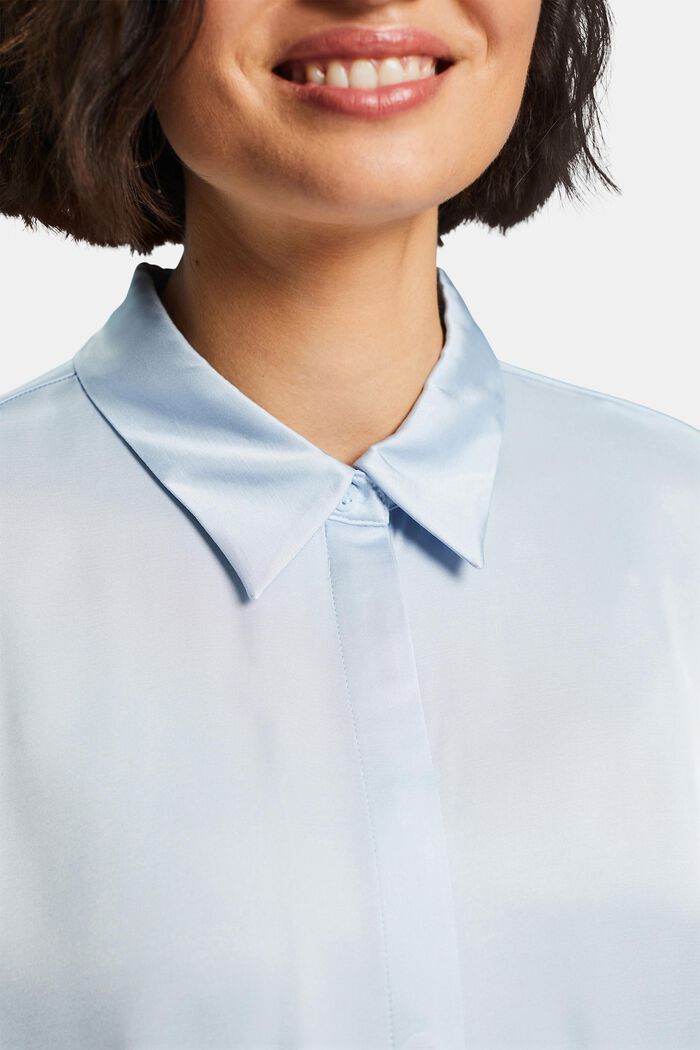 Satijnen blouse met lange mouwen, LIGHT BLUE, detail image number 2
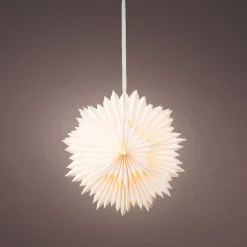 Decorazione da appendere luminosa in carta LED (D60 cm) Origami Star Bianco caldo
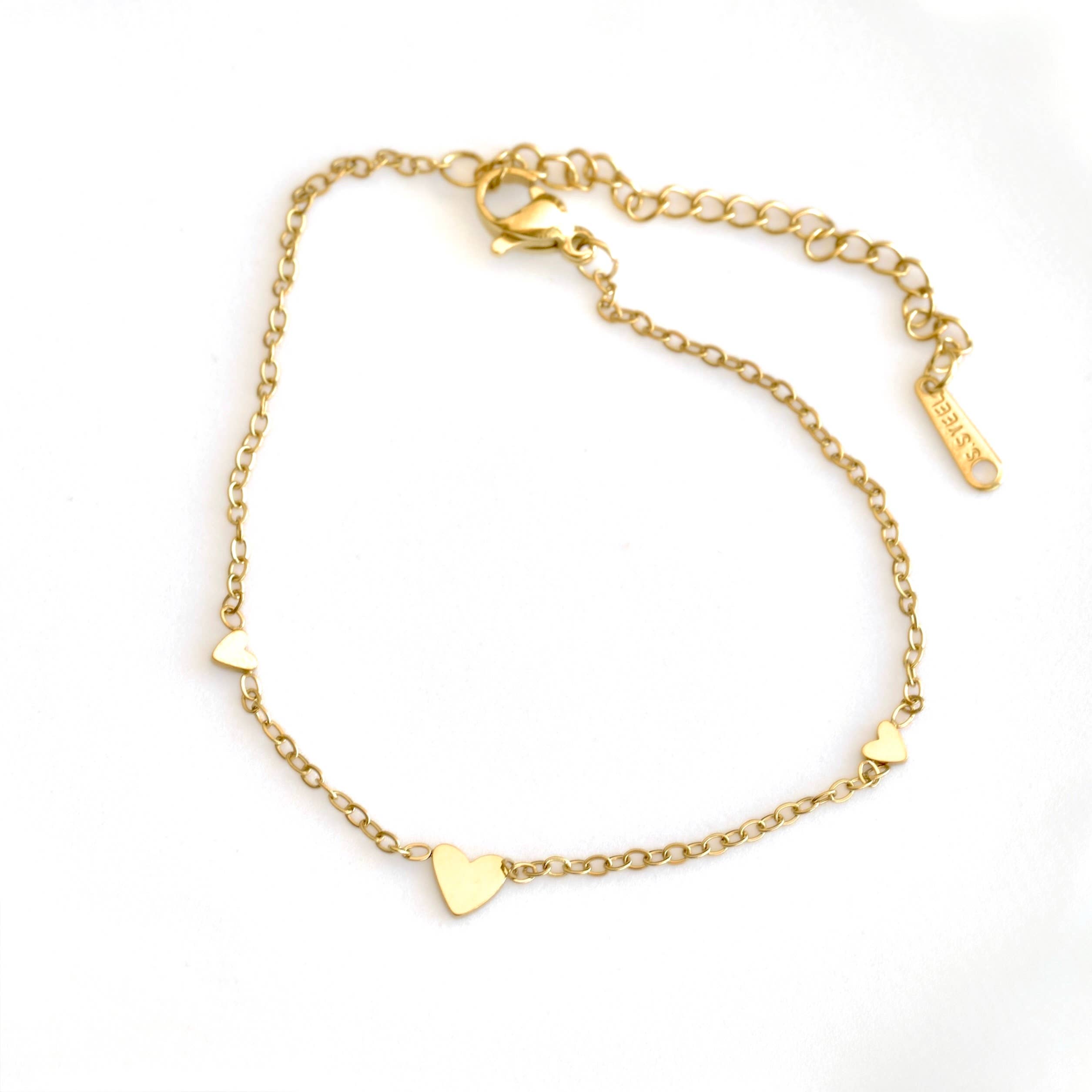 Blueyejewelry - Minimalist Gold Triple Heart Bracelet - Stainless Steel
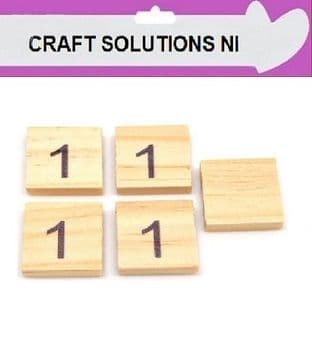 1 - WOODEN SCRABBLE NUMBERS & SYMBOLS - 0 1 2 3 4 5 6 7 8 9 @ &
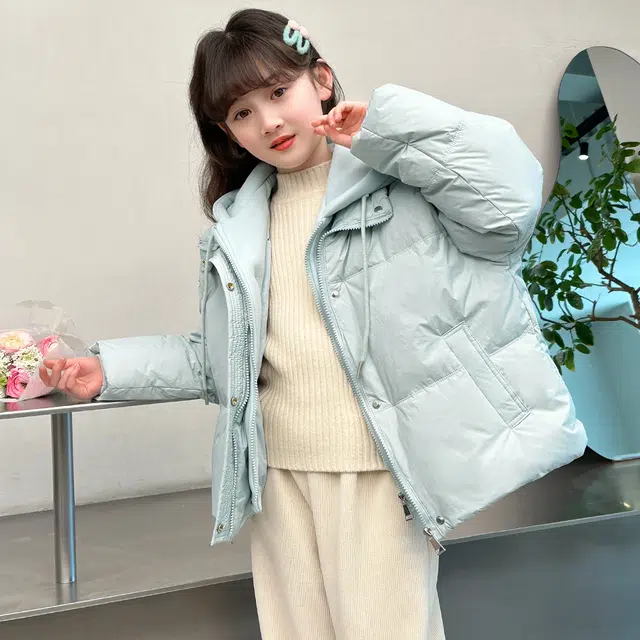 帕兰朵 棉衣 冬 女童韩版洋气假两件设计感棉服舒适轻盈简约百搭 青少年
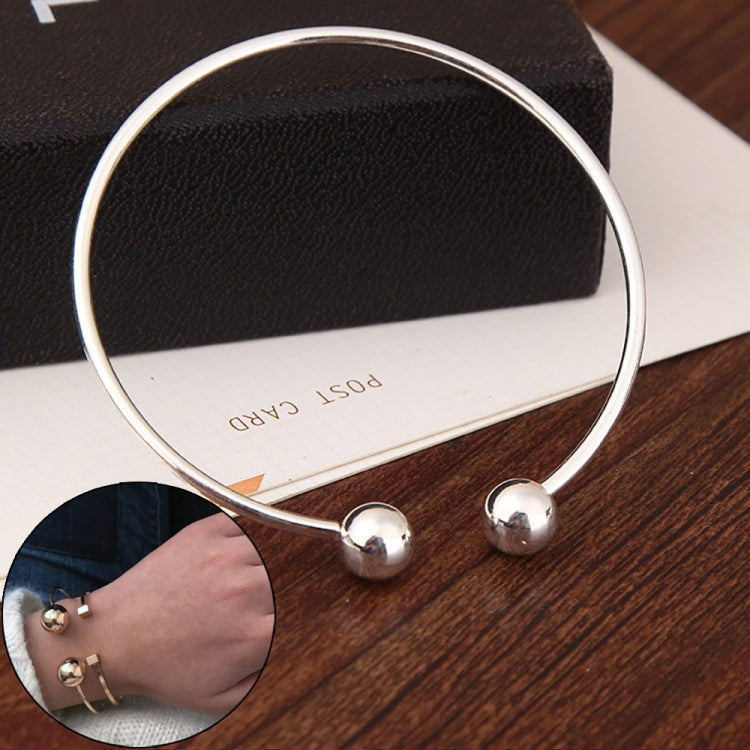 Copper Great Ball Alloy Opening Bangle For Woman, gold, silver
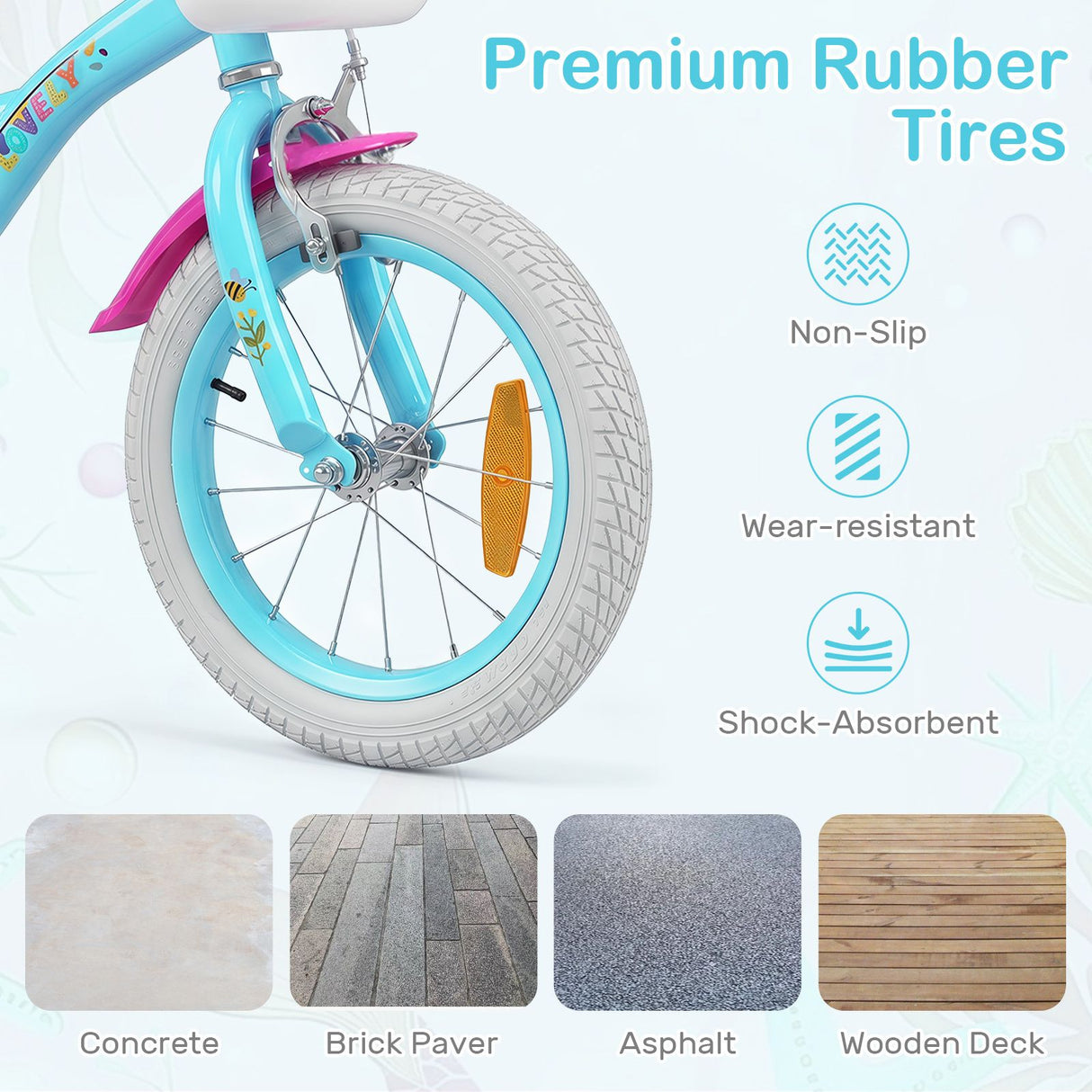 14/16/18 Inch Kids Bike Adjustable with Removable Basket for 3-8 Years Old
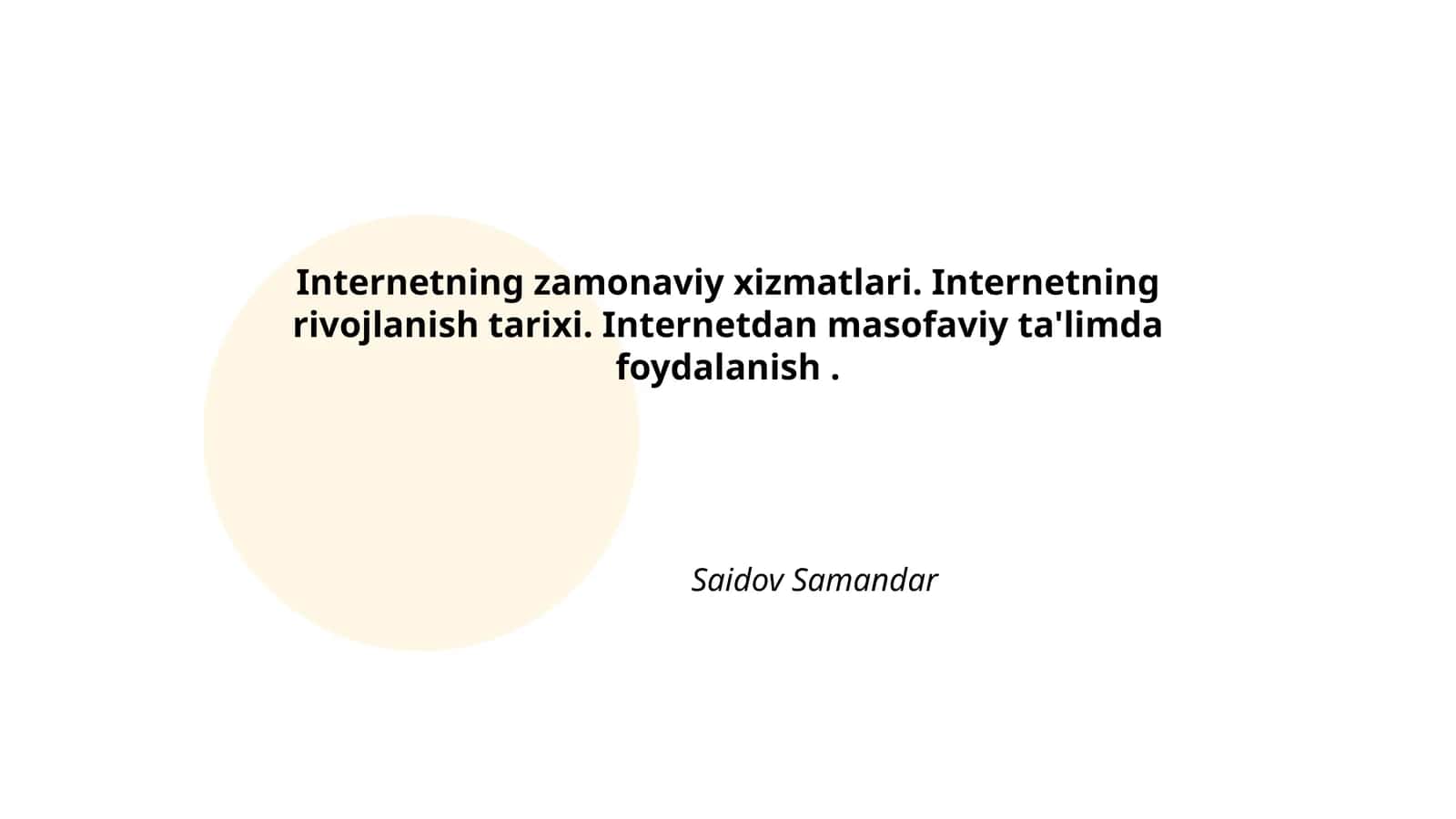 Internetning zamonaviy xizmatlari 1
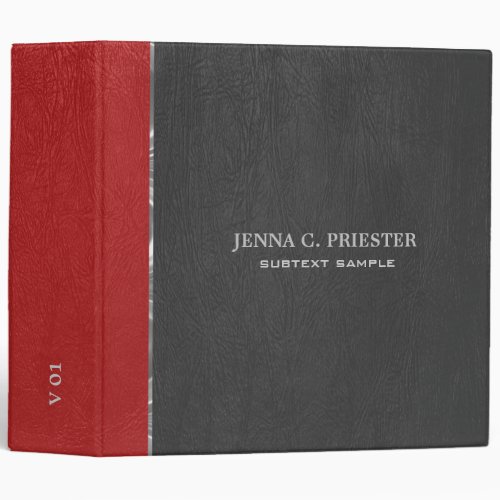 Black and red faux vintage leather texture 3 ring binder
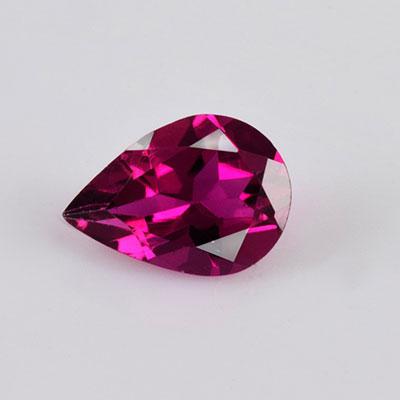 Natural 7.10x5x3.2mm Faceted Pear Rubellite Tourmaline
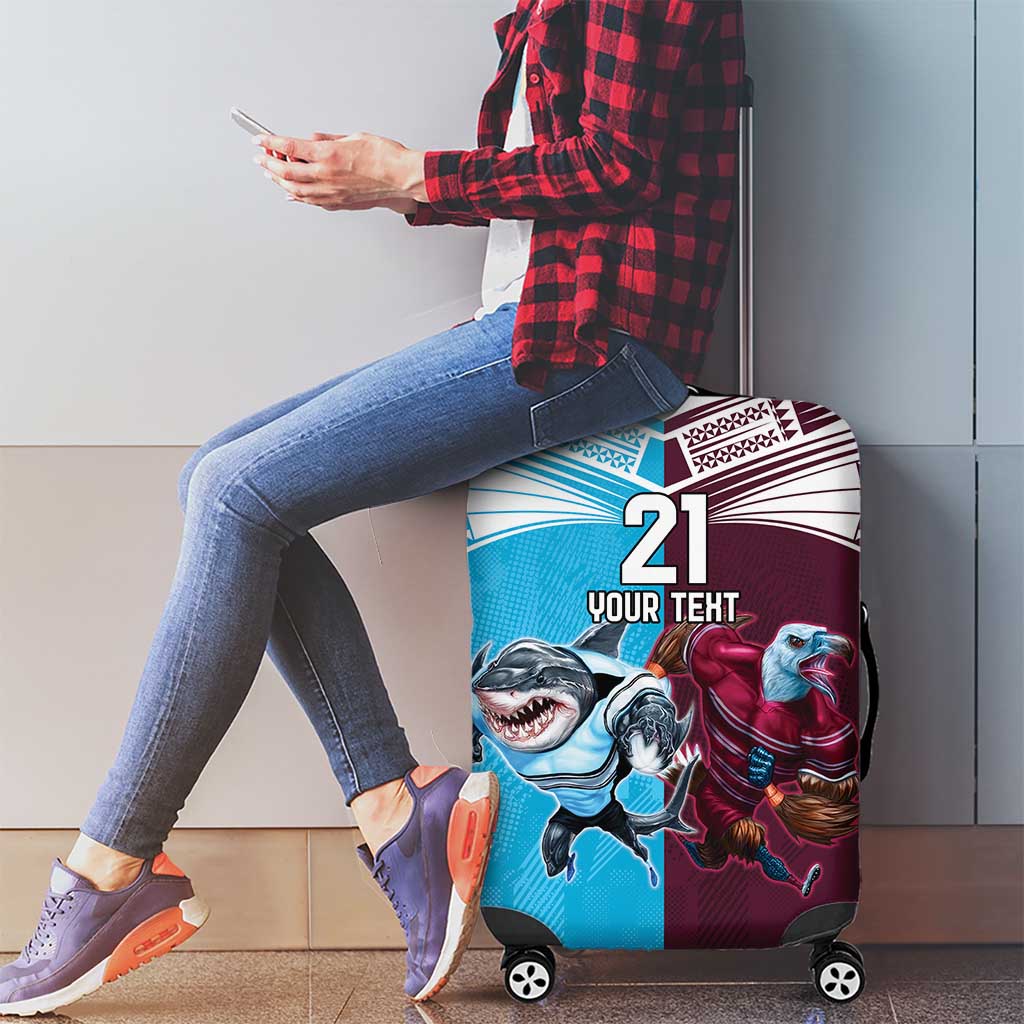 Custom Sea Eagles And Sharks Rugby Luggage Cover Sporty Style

* [WHAT YOU SHOULD DO] Once the pictures are removed, copy the material above exactly.

* [RESULT OF THE EXERCISE]
 Satijnen blouse met lange mouwen, LIGHT BLUE, detail image number 2
 Decorazione da appendere luminosa in carta LED (D60 cm) Origami Star Bianco caldo
 Blueyejewelry - Minimalist Gold Triple Heart Bracelet - Stainless Steel
 1 - WOODEN SCRABBLE NUMBERS & SYMBOLS - 0 1 2 3 4 5 6 7 8 9 @ &
 帕兰朵 棉衣 冬 女童韩版洋气假两件设计感棉服舒适轻盈简约百搭 青少年
 Copper Great Ball Alloy Opening Bangle For Woman, gold, silver
 14/16/18 Inch Kids Bike Adjustable with Removable Basket for 3-8 Years Old
 Internetning zamonaviy xizmatlari 1
 Black and red faux vintage leather texture 3 ring binder
 Natural 7.10x5x3.2mm Faceted Pear Rubellite Tourmaline
 Custom Sea Eagles And Sharks Rugby Luggage Cover Sporty Style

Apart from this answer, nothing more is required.